Working data -

************

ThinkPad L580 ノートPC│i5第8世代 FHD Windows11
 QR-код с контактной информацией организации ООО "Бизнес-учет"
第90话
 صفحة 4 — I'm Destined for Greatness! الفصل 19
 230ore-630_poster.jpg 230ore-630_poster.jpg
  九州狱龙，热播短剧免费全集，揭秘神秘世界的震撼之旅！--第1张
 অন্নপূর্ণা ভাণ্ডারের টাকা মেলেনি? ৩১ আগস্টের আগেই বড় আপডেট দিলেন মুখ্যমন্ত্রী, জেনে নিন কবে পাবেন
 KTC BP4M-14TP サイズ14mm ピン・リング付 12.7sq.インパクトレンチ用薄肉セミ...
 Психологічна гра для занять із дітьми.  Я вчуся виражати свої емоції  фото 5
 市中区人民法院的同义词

************

What needs to be done -
The whole listing needs repeating. Match each line exactly.

Exercise solution -
ThinkPad L580 ノートPC│i5第8世代 FHD Windows11
 QR-код с контактной информацией организации ООО "Бизнес-учет"
第90话
 صفحة 4 — I'm Destined for Greatness! الفصل 19
 230ore-630_poster.jpg 230ore-630_poster.jpg
  九州狱龙，热播短剧免费全集，揭秘神秘世界的震撼之旅！--第1张
 অন্নপূর্ণা ভাণ্ডারের টাকা মেলেনি? ৩১ আগস্টের আগেই বড় আপডেট দিলেন মুখ্যমন্ত্রী, জেনে নিন কবে পাবেন
 KTC BP4M-14TP サイズ14mm ピン・リング付 12.7sq.インパクトレンチ用薄肉セミ...
 Психологічна гра для занять із дітьми.  Я вчуся виражати свої емоції  фото 5
 市中区人民法院的同义词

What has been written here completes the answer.